Pandas BUG: Duplicate columns allowed on merge if originating from separate dataframes

Pandas version checks

[x] I have checked that this issue has not already been reported.
[x] I have confirmed this bug exists on the latest version of pandas.
[x] I have confirmed this bug exists on the main branch of pandas.

Reproducible Example

import pandas as pd
df1 = pd.DataFrame({"col1":[1], "col2":[2]})
df2 = pd.DataFrame({"col1":[1], "col2":[2], "col2_dup":[3]})

pd.merge(df1, df2, on="col1", suffixes=("_dup", ""))
# Observe (1)

pd.merge(df1, df2, on="col1", suffixes=("", "_dup"))
# Observe (2)

Issue Description

Case 1 provides the following result:

   col1  col2_dup  col2  col2_dup
0     1         2     2         3

Case 2 results in an exception:

pandas.errors.MergeError: Passing 'suffixes' which cause duplicate columns {'col2_dup'} is not allowed.

While the MergeError in this case does make sense (ideally duplicate columns should not be allowed as they might cause confusion), the same issue is observed in the first case and no exception is raised.

Expected Behavior

Since this bug is about consistency, either of the following 2 should happen:

An error should be raised in both cases.
An error should not be raised in any case, and the duplicate column should be allowed.

Installed Versions

INSTALLED VERSIONS ------------------ commit : 0691c5cf90477d3503834d983f69350f250a6ff7 python : 3.11.7 python-bits : 64 OS : Windows OS-release : 10 Version : 10.0.22631 machine : AMD64 processor : Intel64 Family 6 Model 170 Stepping 4, GenuineIntel byteorder : little LC_ALL : None LANG : None LOCALE : English_United States.1252 pandas : 2.2.3 numpy : 2.2.5 pytz : 2025.2 dateutil : 2.9.0.post0 pip : 23.2.1 Cython : None sphinx : None IPython : None adbc-driver-postgresql: None adbc-driver-sqlite : None bs4 : None blosc : None bottleneck : None dataframe-api-compat : None fastparquet : None fsspec : None html5lib : None hypothesis : None gcsfs : None jinja2 : None lxml.etree : None matplotlib : None numba : None numexpr : None odfpy : None openpyxl : None pandas_gbq : None psycopg2 : None pymysql : None pyarrow : None pyreadstat : None pytest : None python-calamine : None pyxlsb : None s3fs : None scipy : None sqlalchemy : None tables : None tabulate : None xarray : None xlrd : None xlsxwriter : None zstandard : None tzdata : 2025.2 qtpy : None pyqt5 : None

Comment From: nikaltipar

Possibly related #13659

Comment From: rhshadrach

Thanks for the report! Agreed both should raise. PRs to fix are welcome!

Comment From: nikaltipar

Ok, I'll see if I can squeeze this in for this month. It should easy enough to fix. Of course, if anyone else wants to take it up, feel free to!
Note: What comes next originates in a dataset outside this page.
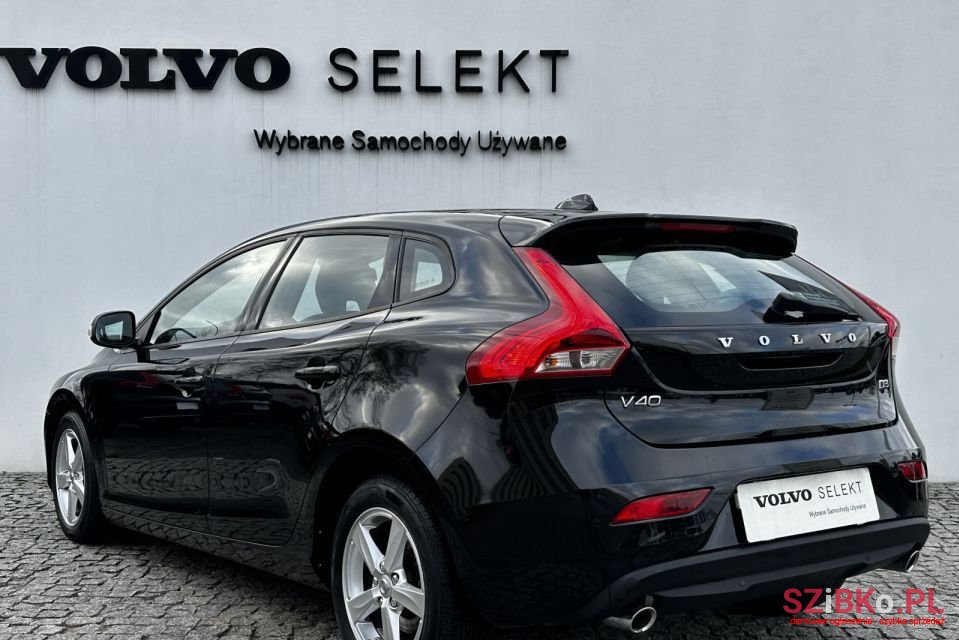 2016' Volvo V40 photo #3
Comment From: samruddhibaviskar11

take

Comment From: samruddhibaviskar11

Hii I'm new to open source and pandas internals, but I'd love to try fixing this. I might ask a few beginner questions as I go — hope that's okay!

Comment From: chilin0525

@nikaltipar @samruddhibaviskar11 Just a reminder: the issue already has a PR to address it — https://github.com/pandas-dev/pandas/pull/61422

Comment From: Farsidetfs

Sorry I didn't make a note here I was working on this. Apologies @samruddhibaviskar11. I'm just finalizing documentation and finished revisions as recommended. Do I need to ask to "take" here?

Comment From: Farsidetfs

take